= PROBLEM DETAILS =
Starting with the line that contains "LFC Nike Youth", give again exactly and only each line through the end of the records; include the last line and exclude pictures.

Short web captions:
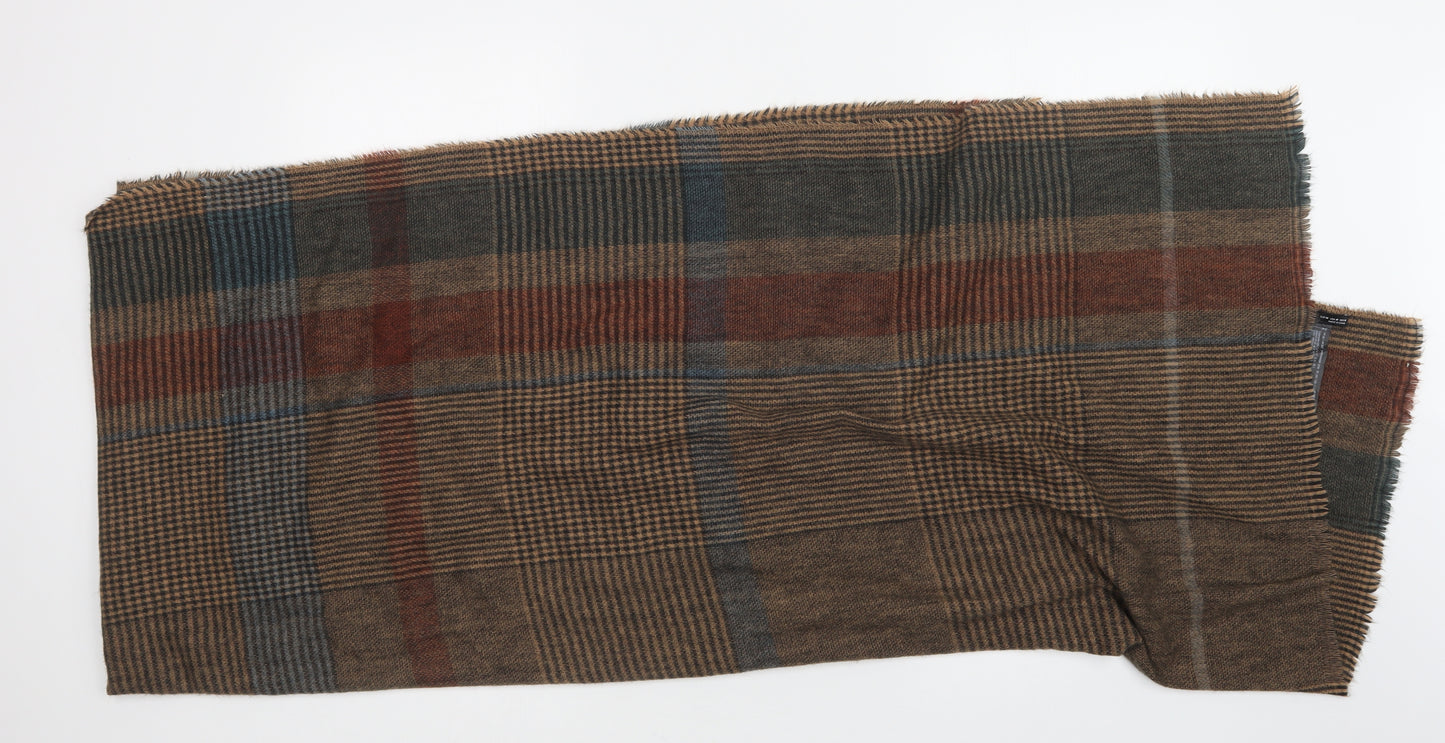 Zara Unisex Brown Plaid   Shawl/Wrap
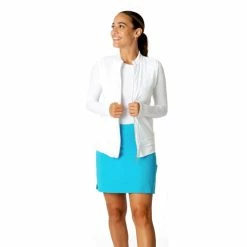 Sofibella Crushed Velvet Womens Golf Vest -Golf Apparel Shop 28020 WHITE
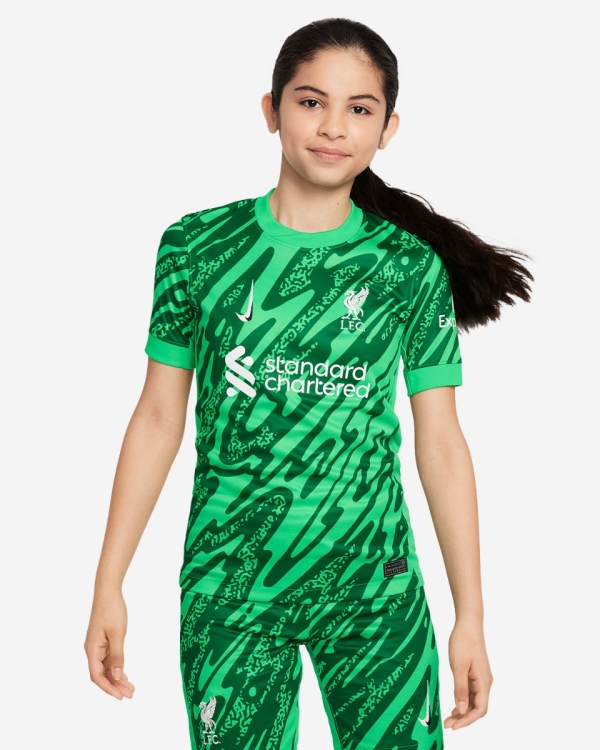 LFC Nike Youth 24 25 Green Goalkeeper Stadium Jersey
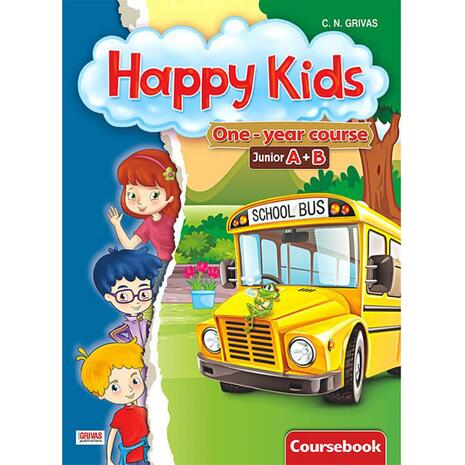 Happy Kids One Year Course Junior A + B Coursebook (978-960-409-948-1)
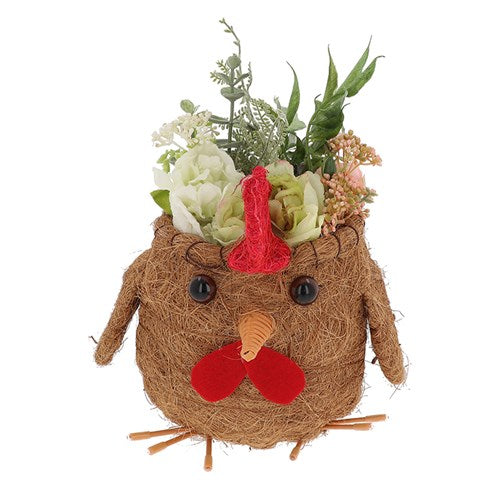 Cute Coir Planter Chicken Large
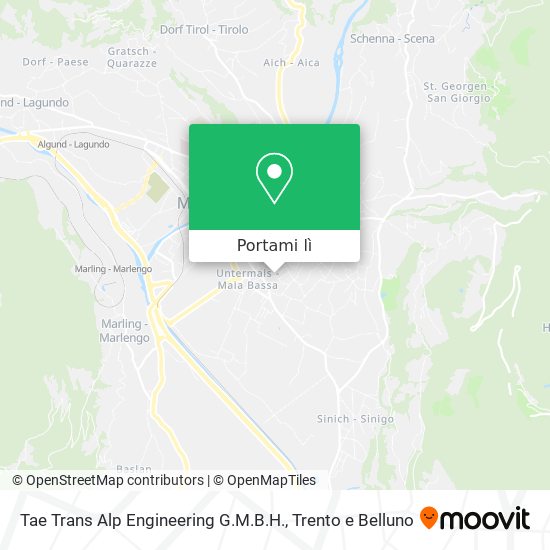 Mappa Tae Trans Alp Engineering G.M.B.H.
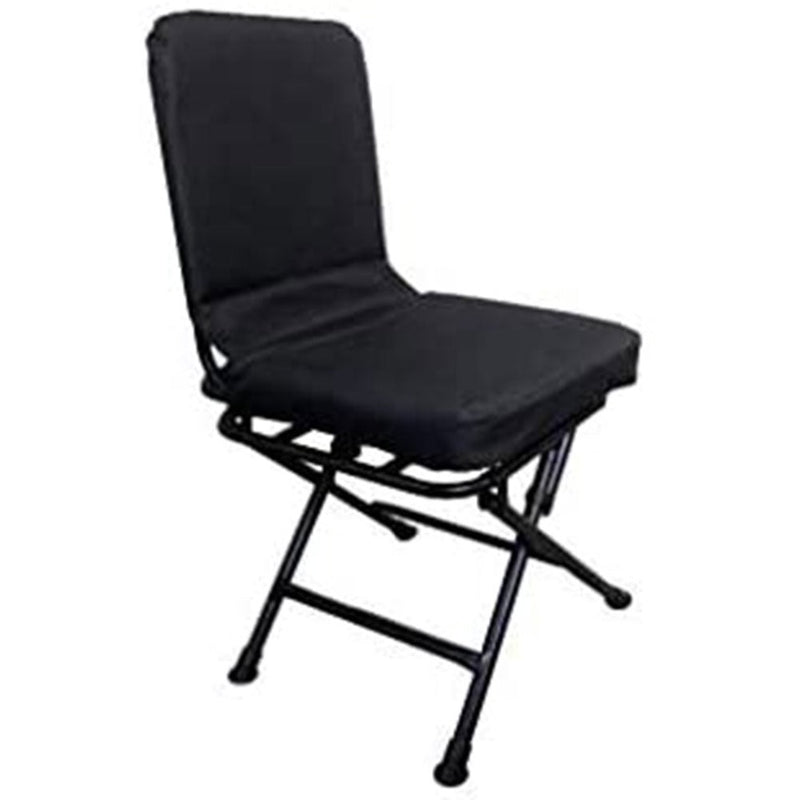 Load image into Gallery viewer, World Famous Sports Swivel Hunting Chairs - Black
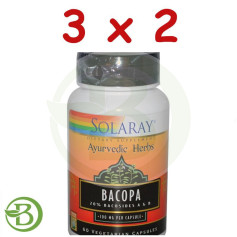 Pack 3x2 Bacopa 100Mg. 60 gélules Solaray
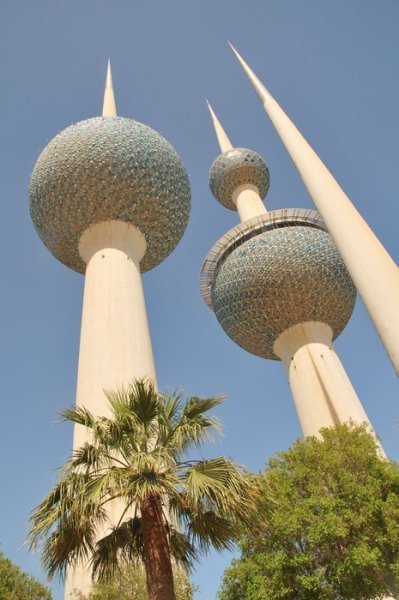 The distinctive Kuwait Towers - Kuwait City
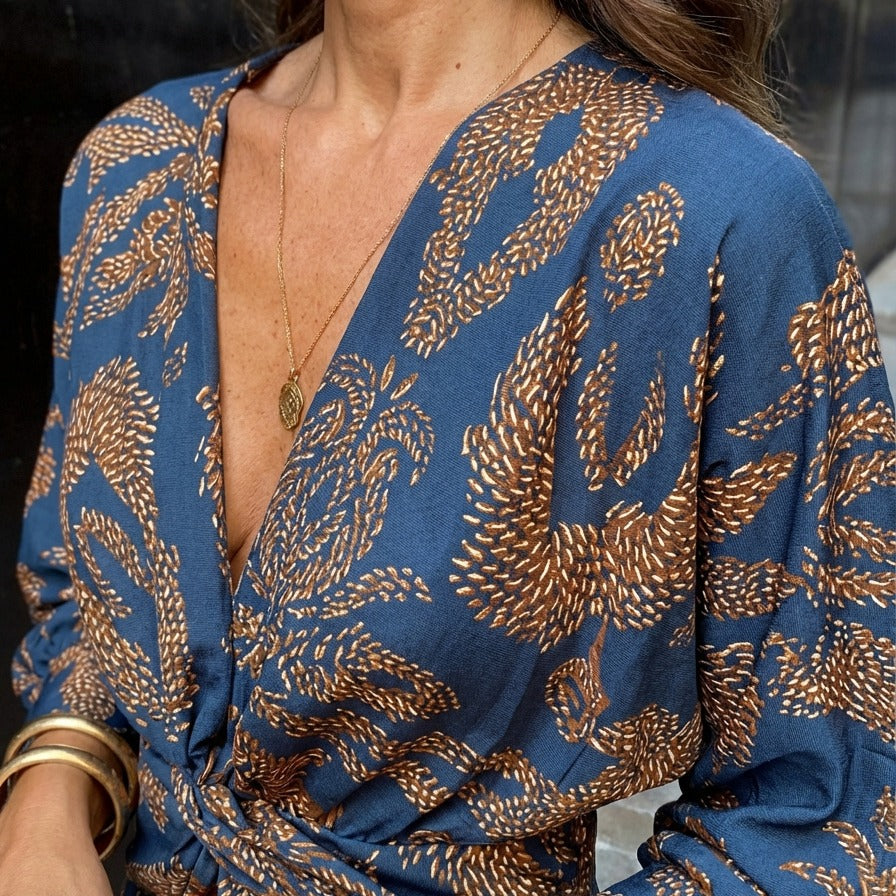 Laura | Vestido maxi bohemio cruzado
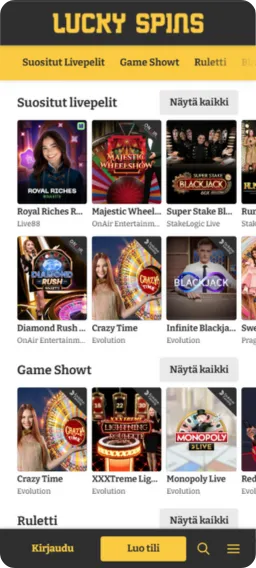 Lucky Spins Suomi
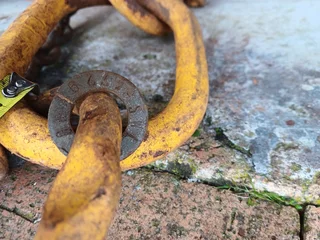 Chain slings for cranes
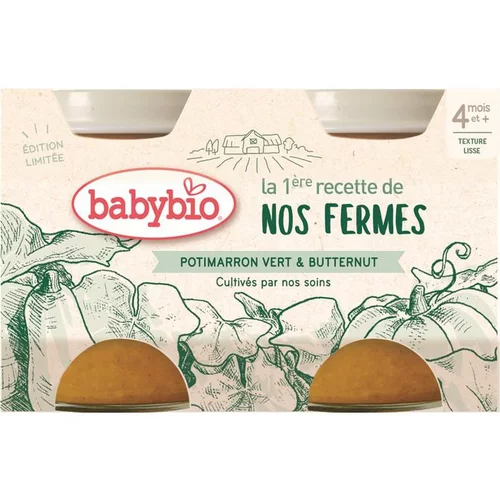 Petits Pots pomme de terre et potimarron vert - 2x130 gr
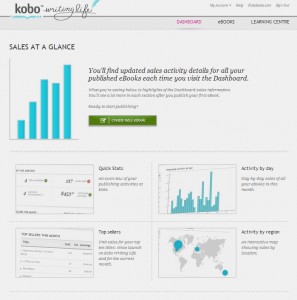 Kobo Writing Life Dashboard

= TASK SOLUTION =
 LFC Nike Youth 24 25 Green Goalkeeper Stadium Jersey
 Happy Kids One Year Course Junior A + B Coursebook (978-960-409-948-1)
 Cute Coir Planter Chicken Large
 Mappa Tae Trans Alp Engineering G.M.B.H.
 Load image into Gallery viewer, World Famous Sports Swivel Hunting Chairs - Black
 Pack 3x2 Bacopa 100Mg. 60 gélules Solaray
 The distinctive Kuwait Towers - Kuwait City
 Laura | Vestido maxi bohemio cruzado
 Lucky Spins Suomi
 Chain slings for cranes
 Petits Pots pomme de terre et potimarron vert - 2x130 gr
 Kobo Writing Life Dashboard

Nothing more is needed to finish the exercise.